The state-owned Bao Viet used to hold a monopoly on the insurance market. While it accounted for more than half the industry’s total premiums in 2001 the market has now changed with competition from 14 insurance companies with various types of ownership: state-owned, shareholding, joint ventures with foreign ownership or wholly foreign ownership. Among Bao Viet’s four rivals, Prudential is the biggest one, though only operating for 3 years it developed a network of customer-care centres in 8 provinces, and built up a strong corps of agents, Prudential now boasts 1,000,000 customers nation-wide, its market share has swollen to almost 35%. The non-life market, made up of ten players, is worth more than USD 100 million in terms of premium income and makes up 0.56% of the country’s GDP. Life insurance in Vietnam began in 1997 when Bao Viet launched its subsidiary. Since then, four more life insurers have entered this new area, including some high-profile names like Prudential and AIA. The prospects for the life sector are very favourable, particularly when considering the country’s population of nearly 80 million.

There are some challenges ahead. The main factor facing the Vietnam insurance industry is the low penetration level. Some types of commercial insurance have a penetration rate of only 20-25%. A large proportion of public property has no insurance cover. If this market is to be fully exploited, there must be a long-term and intensive campaign to raise awareness among the Vietnamese people of the need for insurance. Another challenge is that insurance practitioners, which number around 10,000, need more training in order to catch up with the global expertise in insurance and to help develop the domestic insurance market. Financial capacity is also a major challenge to many players in the market and this will affect the local market as whole.

It is unlikely that there will be any more licences granted to foreign insurance companies in the next few years. Some foreign companies, without a licence or in need of an expansion of their licence, have withdrawn from the market. In the last days of 2001, the Canadian Manulife Financial Group repurchased the capital share of the Taiwanese Chinfon Global in the Chinfon Manulife Insurance Joint Venture Company in Vietnam. The Chinfon Global Group withdrew its capital from the insurance field to have more capital to invest in motorbike, cement, and banking industries in Vietnam.

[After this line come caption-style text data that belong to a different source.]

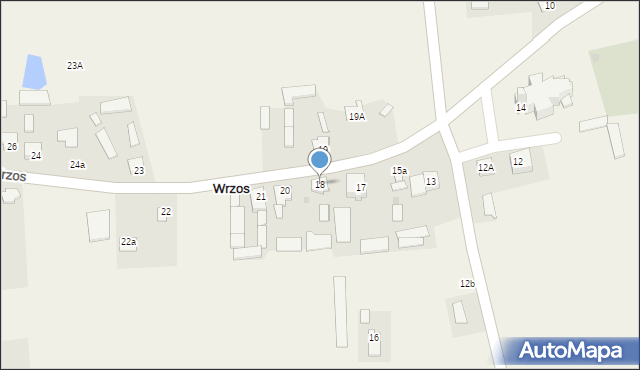 Wrzos, Wrzos, 18, mapa Wrzos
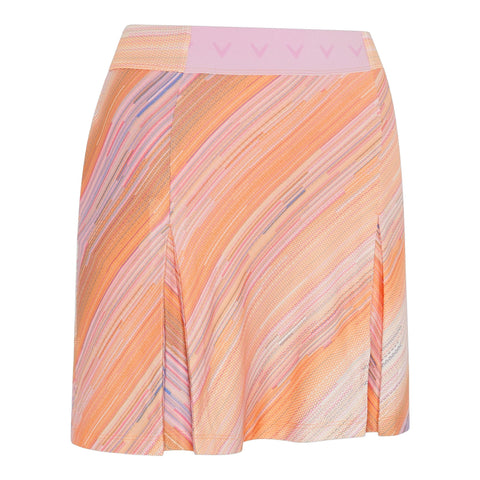 Striped Pleated Skort Damen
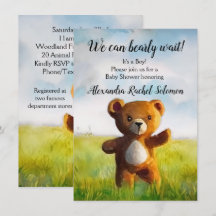 Wir können frühzeitig auf die Babydusche von Water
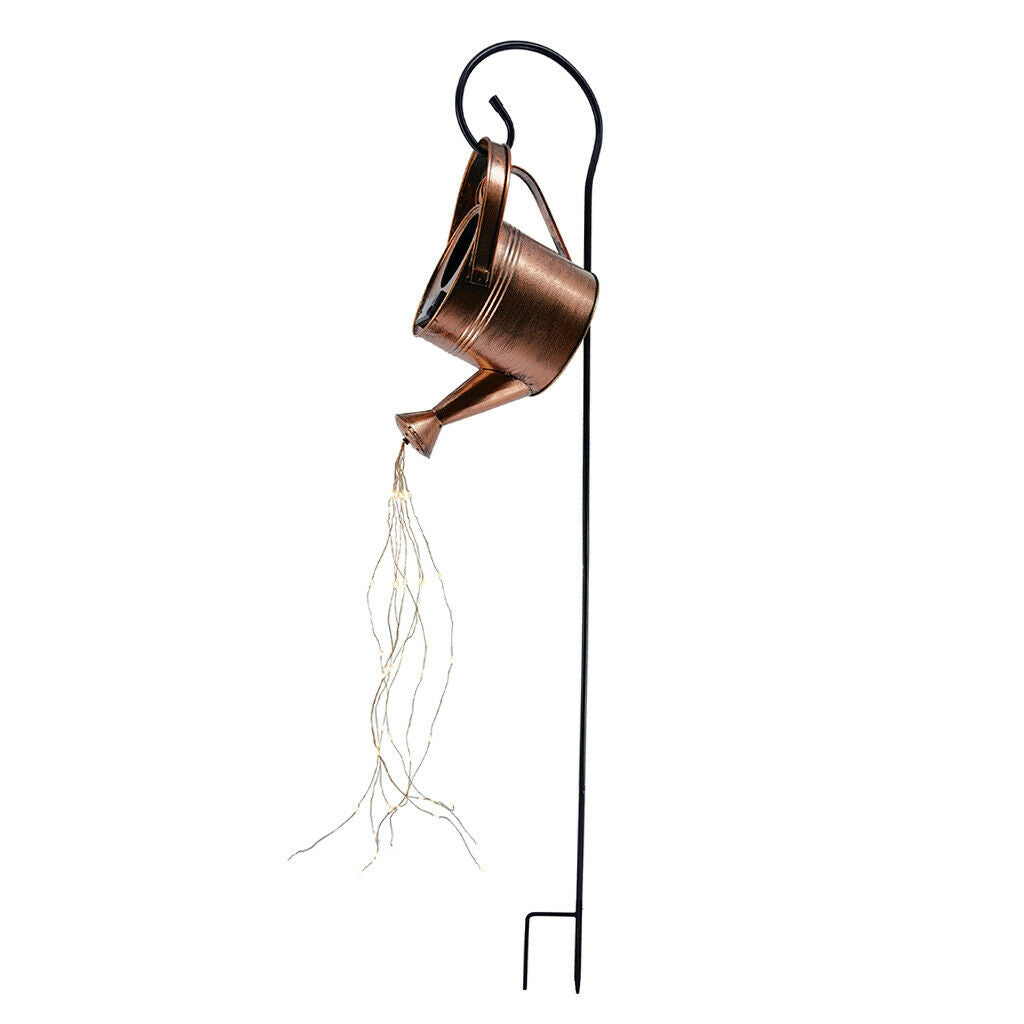 Creative Garden Watering Can String Light Solar Power Outdoor Terraces Lamp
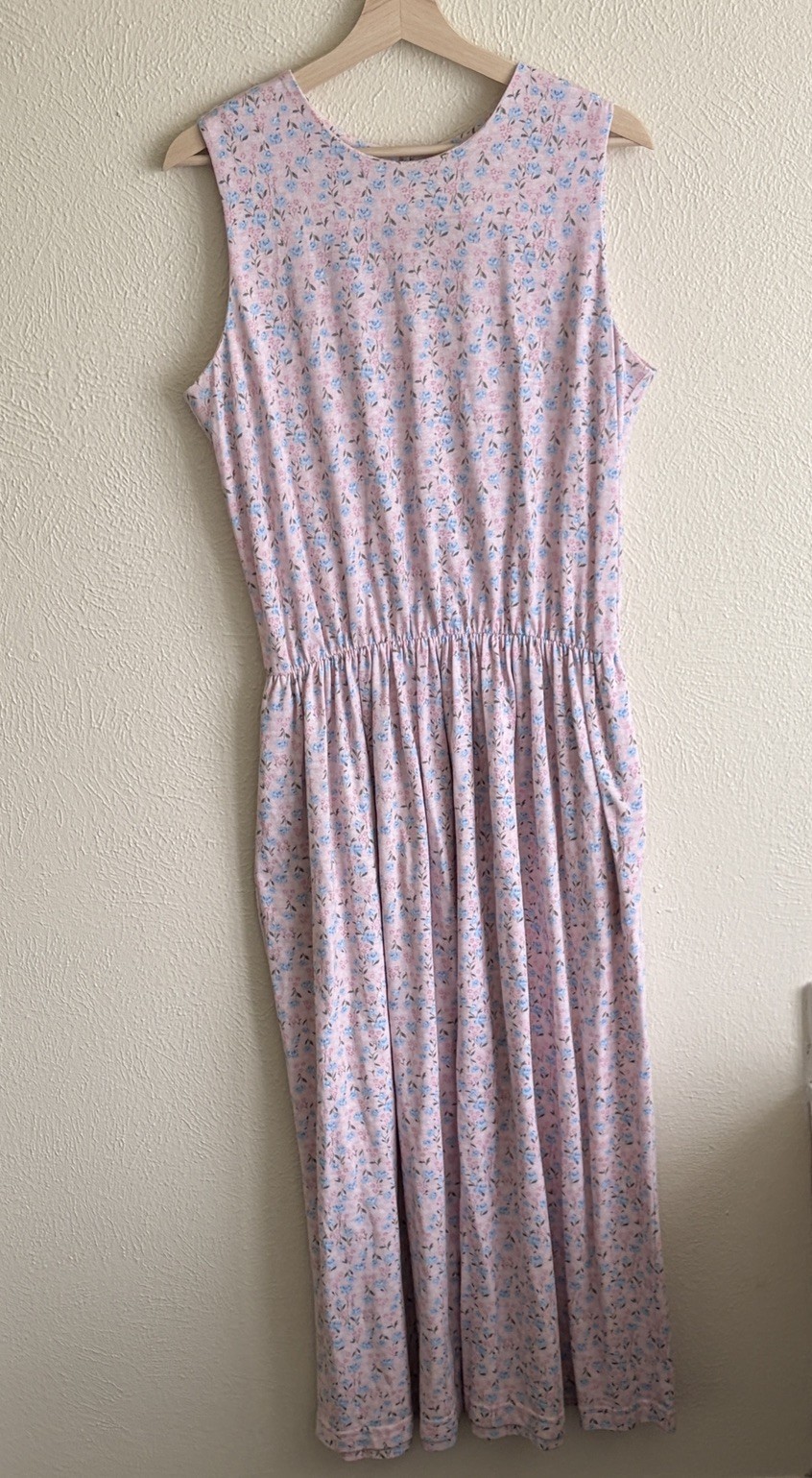 Vintage 90s Willow Ridge Pink Floral Belted Maxi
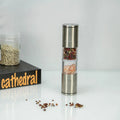 Mini BBQ Tools Stainless Steel Salt Pepper Mill 2 in 1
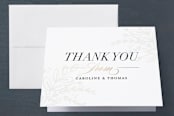 "Soft Bouquet" - Engagement Party Thank You Cards in Taupe by Jessica Williams - Front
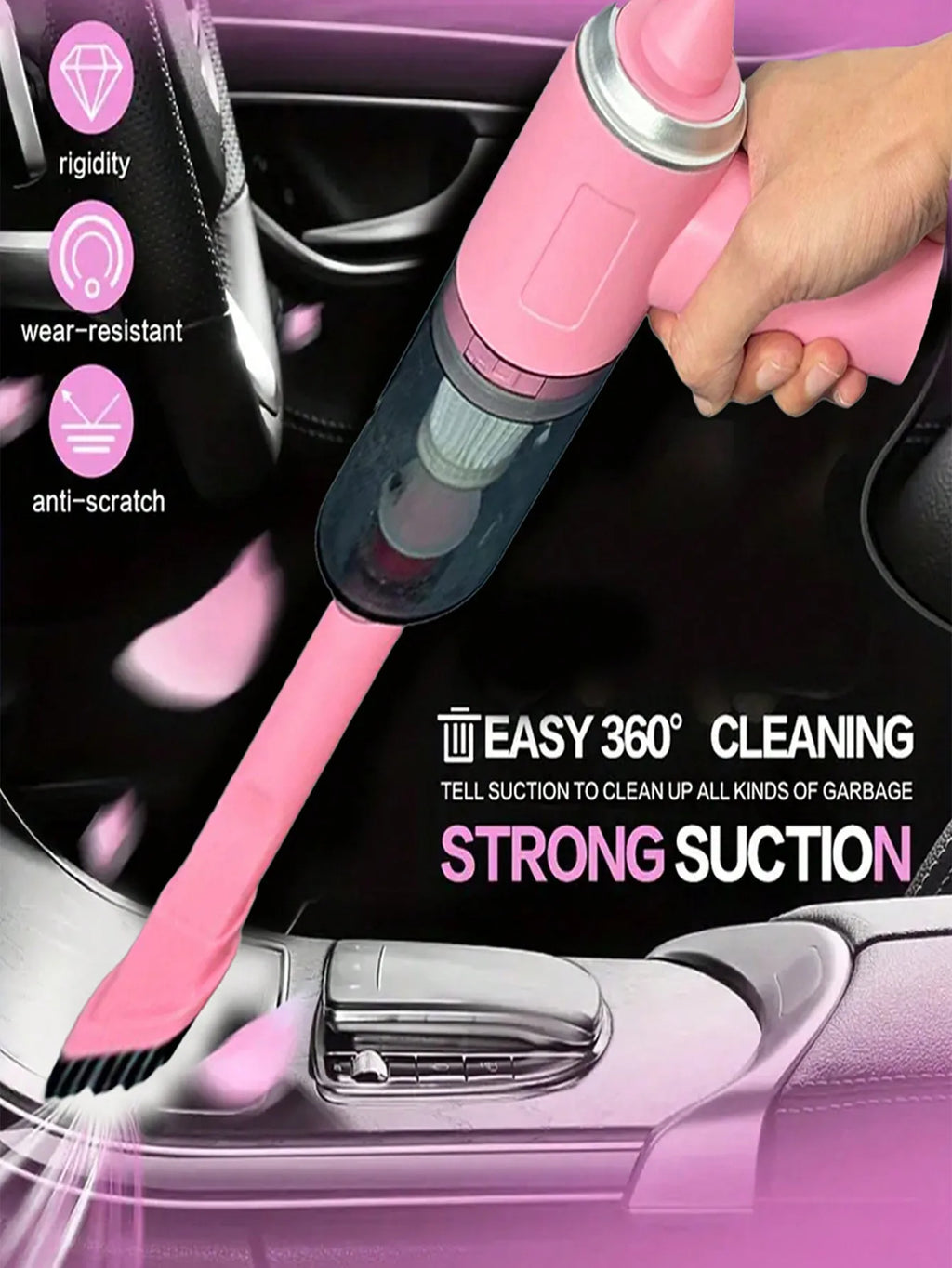 3 In 1 Integrated Suction And Blowing Vacuum Combination Vacuum Cleaner USB Charging Small Car Household Vacuum Cleaner
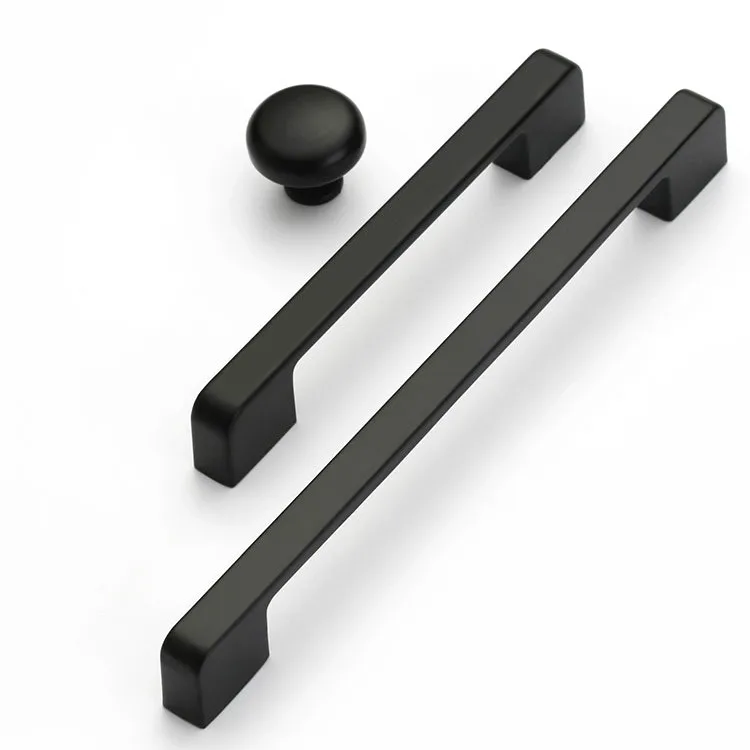 Most popular Zinc Alloy black bar furniture handle and knobs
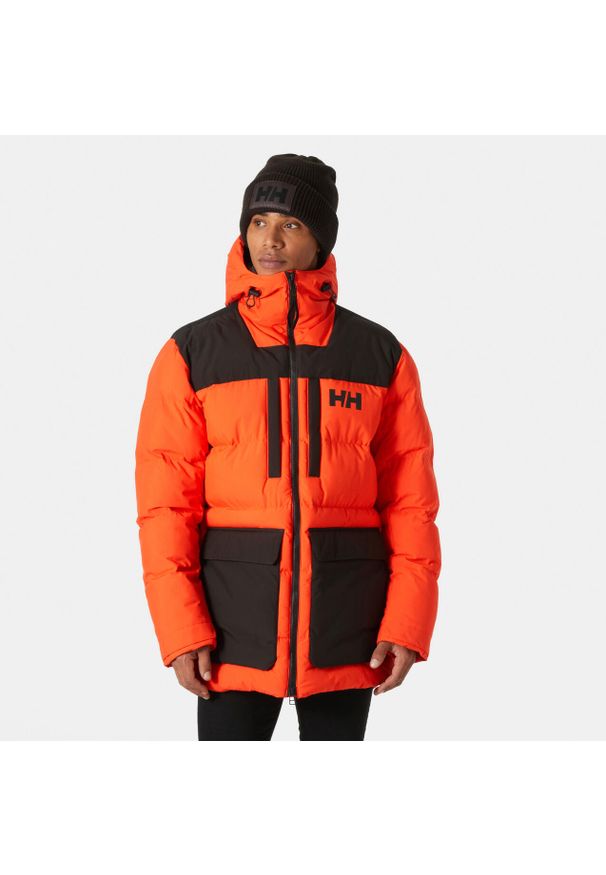 Kurtka z kapturem Helly Hansen Patrol. Typ kołnierza: kaptur. Kolor: czerwony. Sezon: zima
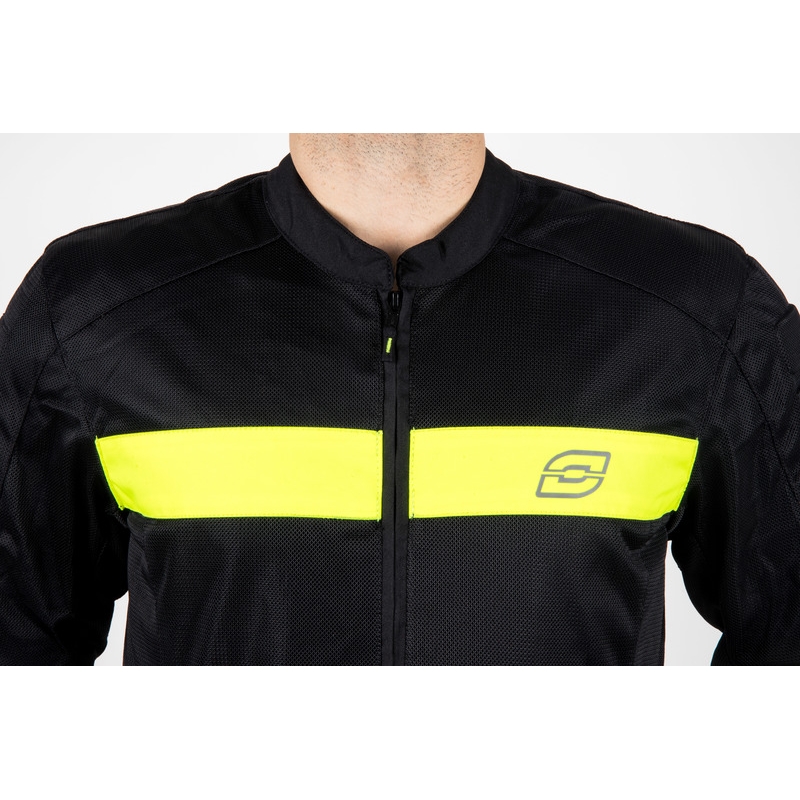 Motoristična jakna Ozone Dart črno-fluo rumena - 2. kakovost - II. kakovost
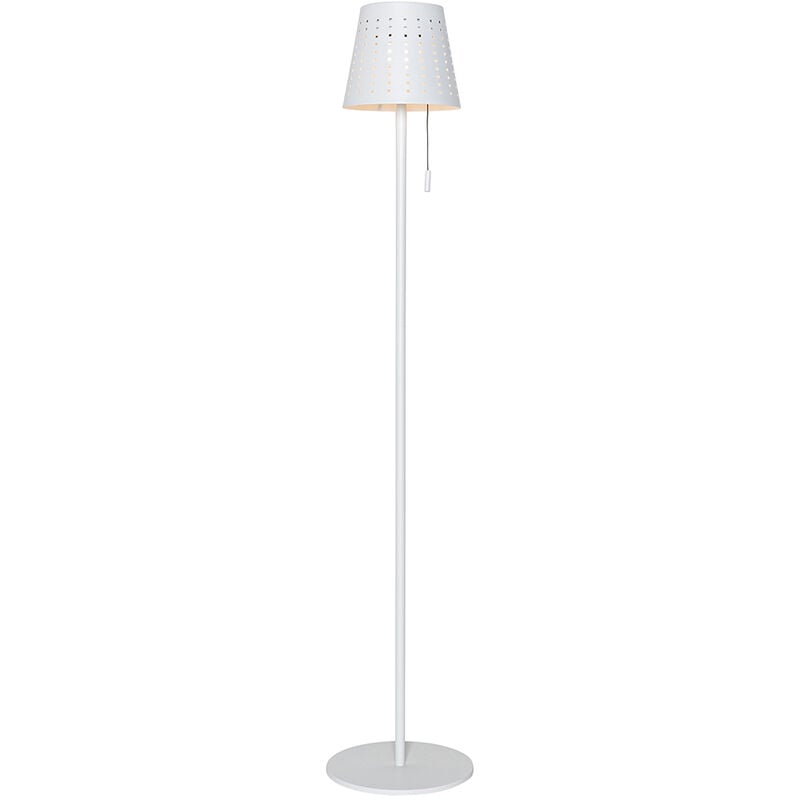 Ferre - led Dimmable Lampadaire sans fil rechargeable usb solaire variateur inclus - 1 lumière - ø 18 cm - Blanc - Design - éclairage extérieur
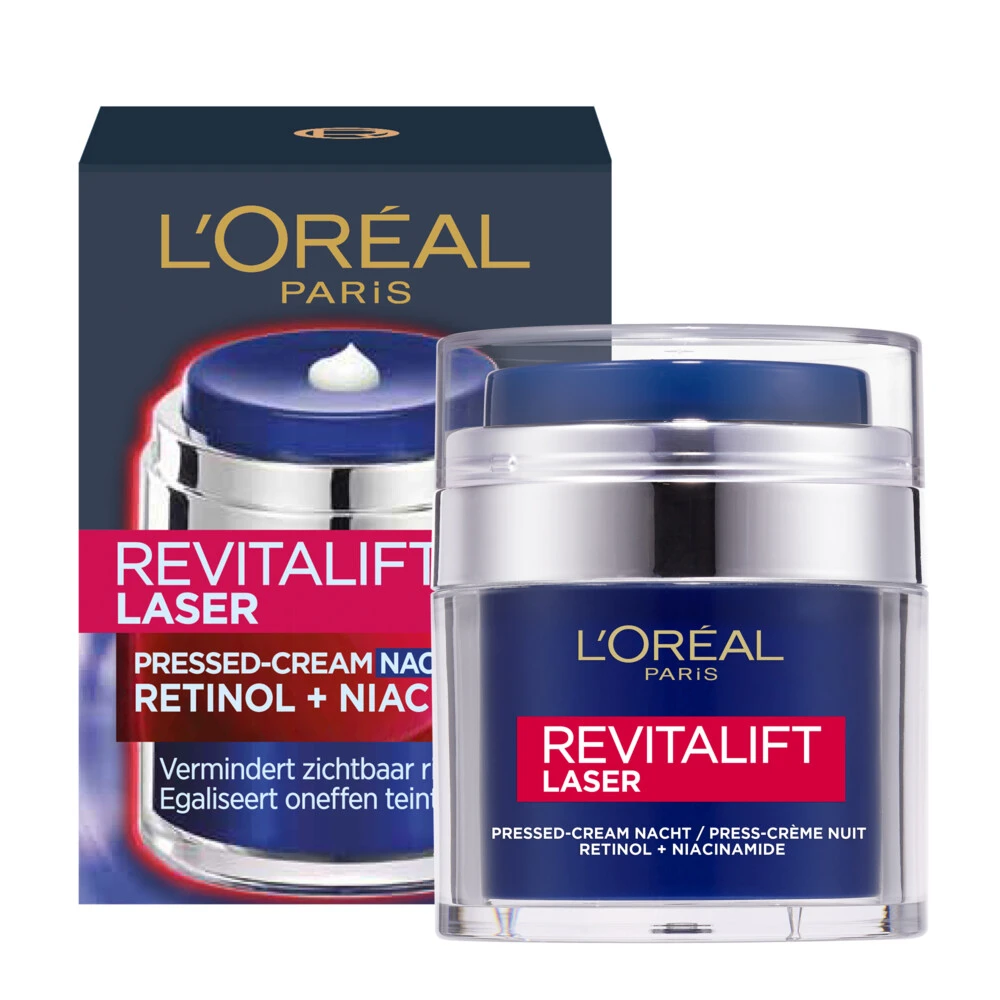 L'Oreal Lu0027Oréal Revitalift Laser Pressed Nachtcreme 4 L'Oreal Lu0027Oréal Revitalift Laser Pressed Nachtcreme - Afbeelding 2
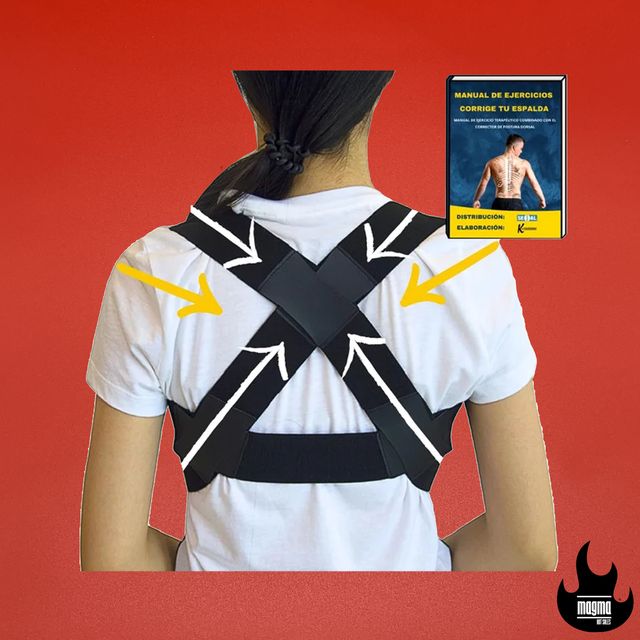 Corrector de postura para espalda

Like the rest of the world, accountancy in Vietnam is dominated by the top four global firms. With so many ODA projects, foreign accountants continue to post strong business results in Vietnam. Also their workload has increased significantly with the implementation of the Enterprise Law. This law has given many private sector Vietnamese companies the chance to become legitimate. Previously they had operated in a manner that was “tax efficient” – avoiding the attention of the authorities. Over 70,000 Vietnamese companies have been established since the passing of the Enterprise Law – not all of them new. Accountants are regularly advising well established Vietnamese business on how to become a limited company, especially after a number of years of operation.

The route for the development of the financial services sector in Vietnam seems to be well established. The role of foreign business, and their scope for operation, will probably dictate the pace of the expansion of this industry. The US-Vietnam bilateral trade agreement also covered a number of points relating to this sector. The Vietnamese authorities have made a commitment that all European companies will receive no less favourable treatment than that offered to US financial services’ companies.

Whilst there is still an element of uncertainty within the Vietnamese Government as to how to take forward the financial services industry, especially in relation to foreign involvement, it seems that the pendulum has now swung more to the side of those who believe that a vibrant financial services sector is for the overall good of the Vietnamese economy.